De Vétheuil à Eugénie-les-Bains : Michel Guérard en dates

• 27 mars 1933 : naissance à Vétheuil (alors commune de l’ex-département de Seine-et-Oise ; Val-d’Oise aujourd’hui) dans une famille de bouchers-éleveurs.

• 1938 : la famille part s’installer en Normandie, à Pavilly (Seine-Maritime).

• 1947 : la famille revient dans le Vexin et plus précisément à Mantes-la-Jolie, où Maurice Guérard, son père, s’installe comme boucher, rue des Halles.

• 1950 : Michel Guérard entre comme apprenti-pâtissier chez Kléber Alix, un pâtissier-traiteur réputé de la rue Thiers, à Mantes-la-Jolie.

•1953 : son CAP en poche, il décroche un emploi dans les cuisines du Cygne, une auberge réputée de Tôtes (Seine-Maritime). Il y passera un an avant d’honorer son service militaire.

• 1956 : à son retour de l’armée, Michel Guérard est nommé chef pâtissier du prestigieux Hôtel de Crillon, à Paris.

• 1958 : il entre dans le cercle des Meilleurs ouvriers de France (pâtisserie).

• Début des années 1960 : un temps chef pâtissier au Lido (et cuisinier des réceptions privées de la famille Clerico, propriétaire du cabaret), Michel Guérard multiplie ensuite les expériences dans plusieurs grands établissements parisiens, tels Le Lucas Carton, Maxim’s, La Pérouse…

• 1965 : il ouvre son premier restaurant, Le Pot-au-feu, à Asnières-sur-Seine (Hauts-de-Seine).

• 1967 : première étoile au Guide Michelin. La deuxième arrivera en 1971. Son petit restaurant devient un lieu incontournable de la gastronomie parisienne. Hommes politiques et artistes s’y pressent, notamment pour sa fameuse salade gourmande, sa première création emblématique. Il incarne alors avec Paul Bocuse, Roger Vergé, les frères Troisgros, Alain Chapel, Alain Senderens et Jean Delaveyne ce qu’on appelle désormais la « nouvelle cuisine française ».

• 1972 : il rencontre Christine Barthélémy (décédée en 2017 à l’âge de 73 ans), sa future épouse, héritière du fondateur de La Chaîne thermale du soleil. Le couple aura deux filles, Éléonore et Adeline. Elles ont pris la succession de leurs parents.

• 1974 : il part s’installer à Eugénie-les-Bains (Landes), un village de moins de 500 habitants situé à environ 25 km de Mont-de-Marsan, pour rejoindre son épouse, qui dirige la station thermale.

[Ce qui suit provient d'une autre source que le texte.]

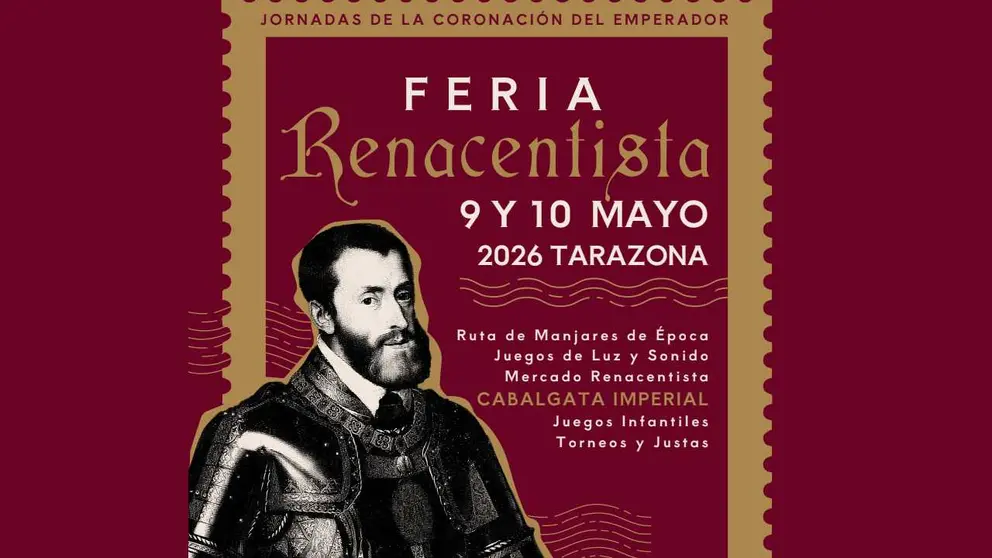 Feria Renacentista 2026 en Tarazona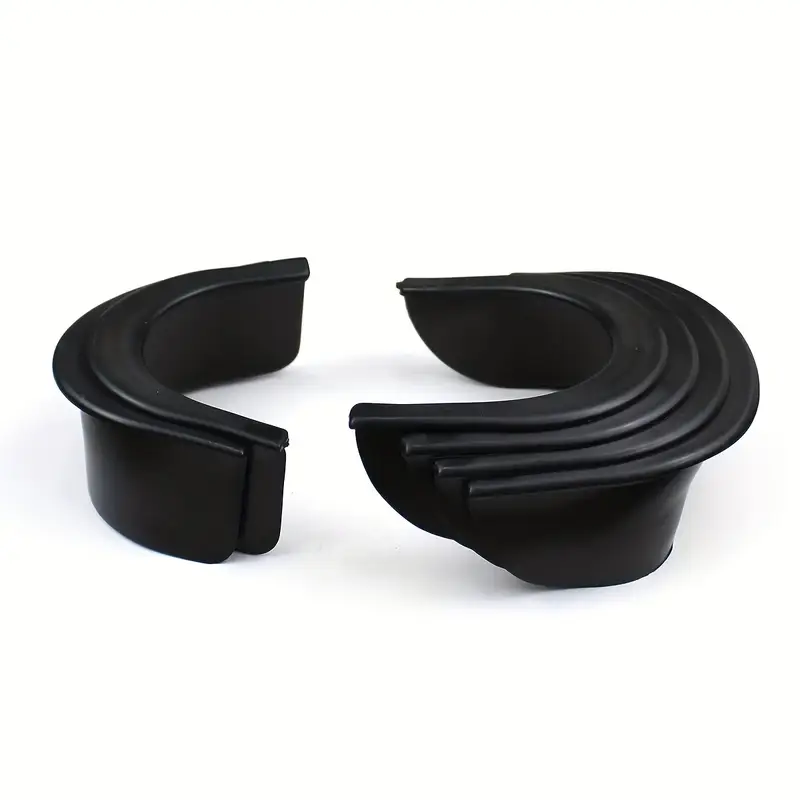 Rubber pool table pocket liners,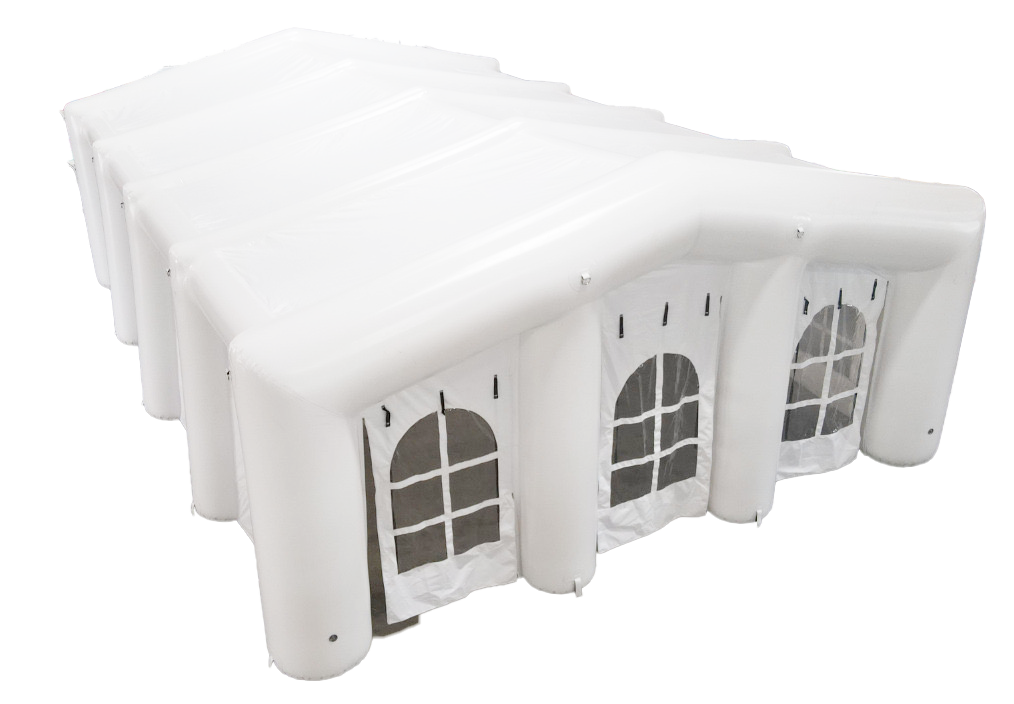 Huge Luxury Inflatable Event Tent (33 ft L x 23 ft W x 11.5 ft H)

Il ouvre Les Prés d’Eugénie, à la fois table d’excellence et hôtel haut de gamme. Le Guide Michelin accorde sa première étoile au restaurant l’année suivante.

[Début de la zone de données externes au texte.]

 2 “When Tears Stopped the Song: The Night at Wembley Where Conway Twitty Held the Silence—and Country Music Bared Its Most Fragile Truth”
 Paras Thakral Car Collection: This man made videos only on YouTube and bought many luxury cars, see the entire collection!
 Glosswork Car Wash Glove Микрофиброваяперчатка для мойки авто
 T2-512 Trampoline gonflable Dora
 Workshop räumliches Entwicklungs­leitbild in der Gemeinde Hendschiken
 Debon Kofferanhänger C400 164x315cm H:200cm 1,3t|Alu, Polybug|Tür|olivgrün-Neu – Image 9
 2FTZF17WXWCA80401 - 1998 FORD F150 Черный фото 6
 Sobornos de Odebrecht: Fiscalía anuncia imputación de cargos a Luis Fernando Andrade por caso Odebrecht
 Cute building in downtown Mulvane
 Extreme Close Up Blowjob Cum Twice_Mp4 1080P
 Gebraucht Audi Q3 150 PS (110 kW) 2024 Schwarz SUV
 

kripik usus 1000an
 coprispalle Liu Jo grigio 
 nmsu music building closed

• 1975 : il fixe les principes de la Grande Cuisine minceur, aujourd’hui marqué déposée, et fait d’Eugénie-les-Bains le « premier village minceur de France ». Cette innovation lui vaut de faire l’année suivante la couverture du magazine américain Time. Il publie également son premier ouvrage aux éditions Robert-Laffont. C’est un best-seller, vendu partout à travers le monde.

• 1977 : troisième étoile au Guide Michelin pour Les Prés d’Eugénie. La deuxième était arrivée en 1976.

• 1977-1981 : aux côtés de l’animatrice Anne-Marie Peysson, il est à l’affiche sur TF1 de l’émission La Cuisine légère.

• 2013 : il inaugure à Eugénie-les-Bains son école de cuisine santé. L’institut Michel-Guérard est le premier centre national d’enseignement du genre.

• 2017 : son établissement obtient le label officiel « Palace », auquel seuls des 5 étoiles peuvent prétendre. À ce jour, 30 autres adresses seulement possèdent cette distinction.

• 19 août 2024 : annonce de son décès. Il s’est éteint dans sa maison d’Eugénie-les-Bains (Landes).